To date, 100 of Stephen King’s novels, novellas, short stories, and even suggestions have been adapted into either motion pictures or mini-series. Naturally, King holds the Guinness World Record of having the most motion picture adaptations by a living author. Of these 100, the bright spots include: The Shining, Misery, The Shawshank Redemption, and The Green Mile. Now, add 1408 to the list; this gripping thriller rises with the aforementioned as one of the better features spawned from King source material.
Yet again, King follows his typical form in featuring a lead character who's a writer. After showing huge promise with his debut novel, Mike Enslin (John Cusack) finds himself drudging through book after book reporting on paranormal phenomena. Since losing his young daughter (Jasmine Jessica Anthony) and separating from his wife (Mary McCormack), Enslin has fallen into a mid-life crisis funk.

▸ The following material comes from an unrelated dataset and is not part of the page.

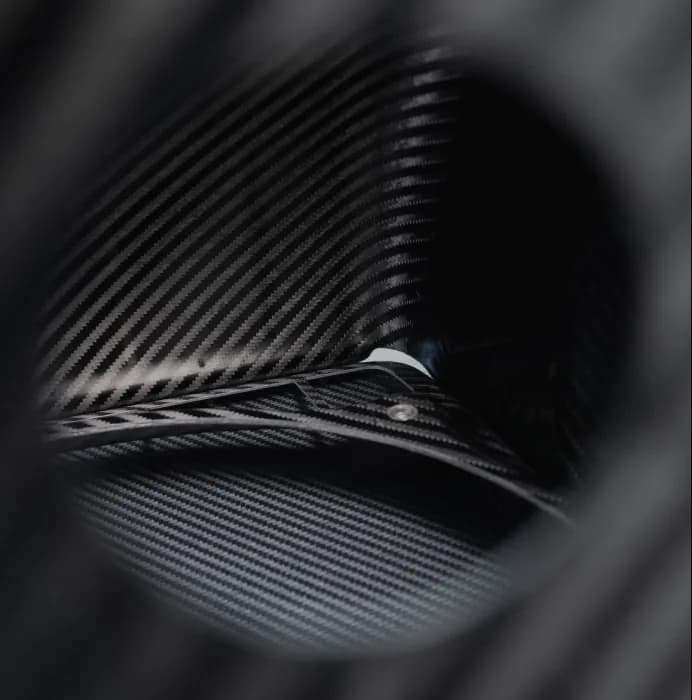 Carbon fiber weave through a circular aperture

As research for his latest book, Enslin attempts to stay in New York City’s Dolphin Hotel. But the one room that Enslin wishes to occupy just so happens to be booked for an eternity. That room is 1408.
After an intense debate with the hotel manager, Mr. Olin (Samuel L. Jackson), Enslin receives the key to the reportedly evil room. From this point on, Enslin experiences a series of escalating events that cause him to rethink the notion that all ghostly disturbances are man-made. All the while, The Carpenters so eloquently sing, “We’ve Only Just Begun.”

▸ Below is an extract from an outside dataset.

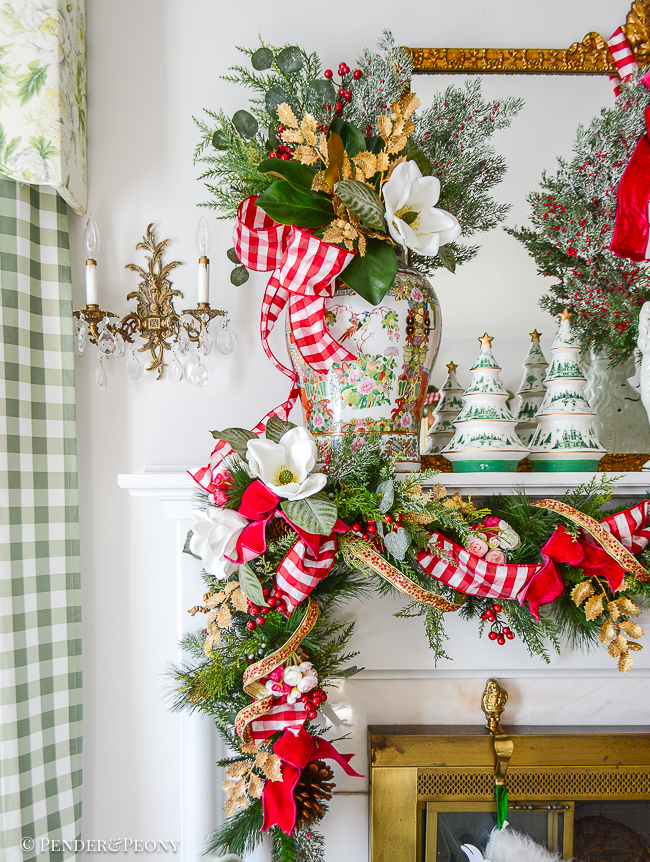 Rose Medallion temple jar holds winter botanical arrangement with magnolia, cedar, and gold holly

No doubt, 1408 is a mind trip from normal to paranormal. The picture transports you to another realm where paintings come alive, wives and children haunt, electronics go haywire, and things definitely aren’t what they seem. By the time the credits roll, 1408 leaves you questioning whether the current world you live in is real or artificial, and that is perhaps the film’s most powerful effect.
Perplexity aside, with Cusack’s inclusion, 1408 instantaneously reminds viewers of Being John Malkovich (in a mind-bending kind of way) and Identity. Cusack’s work is executed with a wrought intensity and painstaking paranoia. Here, Cusack is a far cry from Sixteen Candles and Better Off Dead; he’s matured, progressed, and learned how to intently stare into a camera lens while tugging at his hair.
In analyzing the conclusion, 1408 could not end more appropriately. The film culminates in a closing that literally sends chills down the spine. Furthermore, by incorporating the cigarette from minutes before, the film refuses to leave one loose end open or one prop unused. 1408 resolves itself in a justifiable sense, and just when you may think that the film is going to play the dream card, it rises up and exceeds your expectations.
1408 transcends your typical horror/thriller and leads viewers into bewilderment — letting thoughts abound. It’s a hell of an adaptation from King’s short story and an overall phenomenal screenplay. 1408 is one room you should surely check in to. No matter how frightened you may be, 1408 is worth the boarding fee.